Get some info and continue to discuss your ideas here, it's an interesting build. Keep in mind what I said above are only firsts thoughts, ask for more points of view on this.

Dalardan


----------



## sidewaysrules (Feb 27, 2010)

thanks I am going to use lithion ion batteries, I have budgeted $20-$30 K the engines and batteries,controler etc
Who makes the motors and where can I buy them etc, Basicly I need lots of power and torque, your advice is appreciated, I am located in Souther California
Leon


----------



## EV-propulsion.com (Jun 1, 2009)

Any NetGain motors dealer will sell the highvoltage warp 11, along with all the others they have, including dual motor setups.
Mike
www.EV-propulsion.com


----------



## Ioku (Sep 27, 2007)

I'd recommend looking at this site too http://www.proev.com/, its not a drift car but still a electric racer.


----------



## DavidDymaxion (Dec 1, 2008)

Here are the 2 fastest NEDRA racers:

http://www.killacycle.com/

http://www.currenteliminator.net/


----------



## Dalardan (Jul 4, 2008)

For a high power setup, you can look also at CroDriver's projects. He is playing with big electrical toys and plan to drift/circuithis dual motored car.
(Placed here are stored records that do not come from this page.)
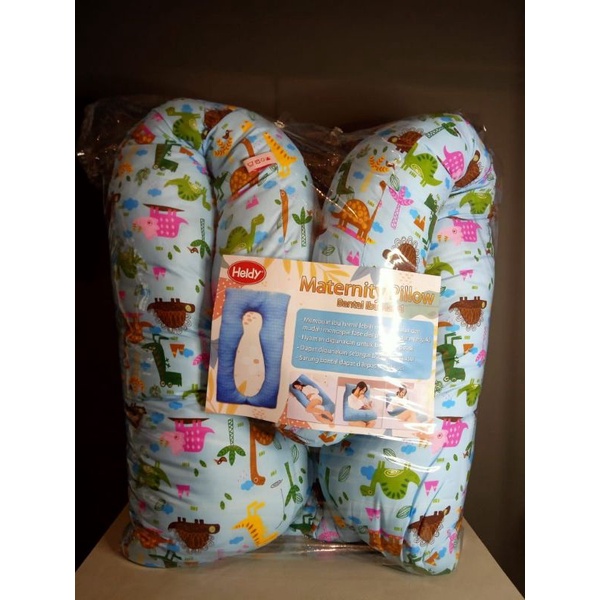 BANTAL IBU HAMIL &amp; MENYUSUI HELDY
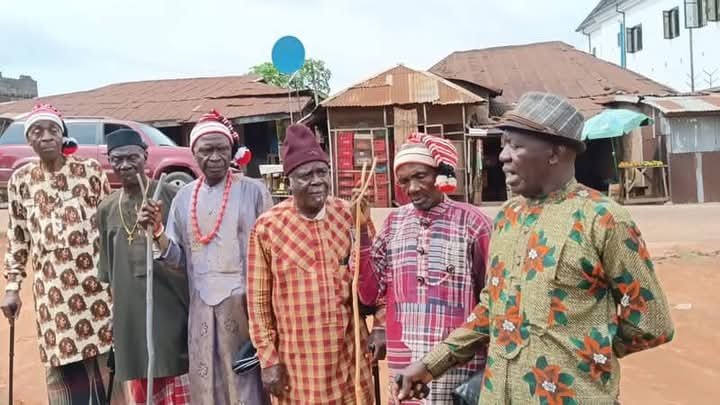 Abia State Government, Through GODA, Begins Rehabilitation Of Asaga-Amuke Road IN Ohafia LGA 4 IMG 20250503 WA0040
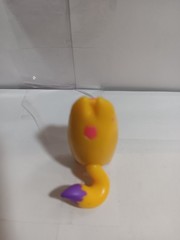 HASBRO SERIES THE LOST KITTIES CAT FIGURE KITTEN CAT MINI YELLOW TOY PVC 2018!!!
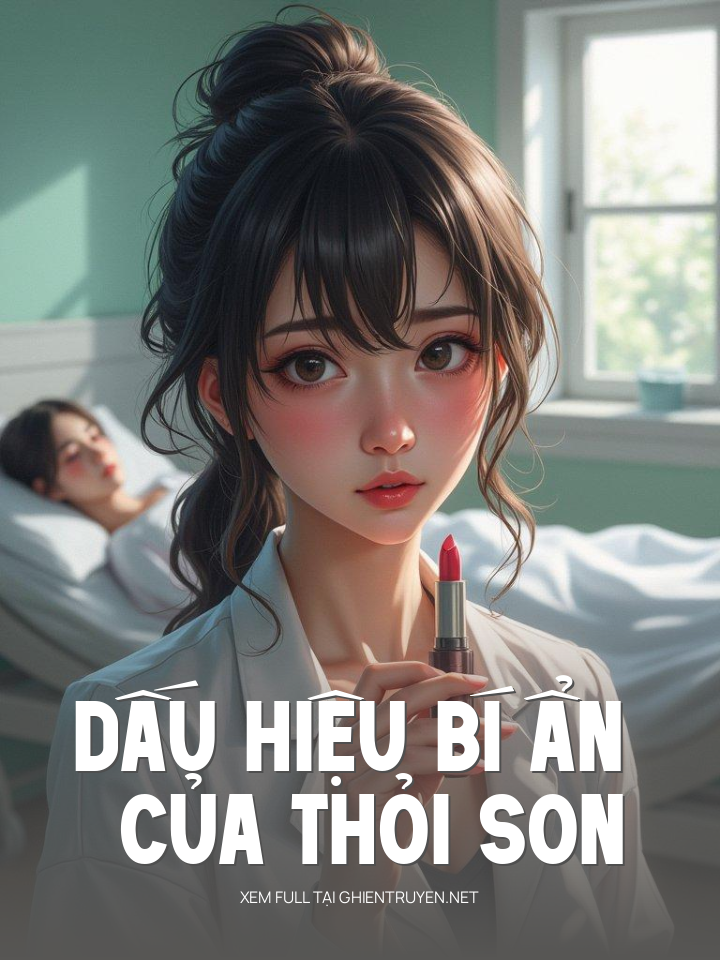 Dấu Hiệu Bí Ẩn Của Thỏi Son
Just running numbers for the fun...

1x Warp11HV = $3 500 + shipping
1x Soliton1 = $3 000 + shipping
90s10p Headway 10Ah batteries = $17 000 + shipping (200HP cont., 450 peak)

For the controller, there are also the Zilla option and the Netgain one witch are in the same price range with somehow different features. You should check them. 

For the batteries, I quoted Headways from EVComponents, but you could find somewhere A123s and Kokam. The two laters can have a higher power density, but I can't give you a source for them.

For the motor, EVComponents and EV-Propulsion sells it at the same price and seems to both have a good website. I don't think you can get something with a higher power density. For the price, it'll be the same everywhere.

As you can see, it can be quite expensive... especially the batteries. You then could want to stack dual Warp11HV motors as PlasmaBoy did with Warp8 for the White Zombie. You'll then need to calculate well the battery requirements as I'm not sure about how I sized the pack.

I'm just saying numbers for the fun, try to get inputs from the electrical racing community.

Dalardan


----------



## liteglow (Mar 2, 2010)

damn I love this forum  
And all the great info I get here.

I`m going to start build myself a Electric car.
I want to use it to Drag\Drifting\To work and home again..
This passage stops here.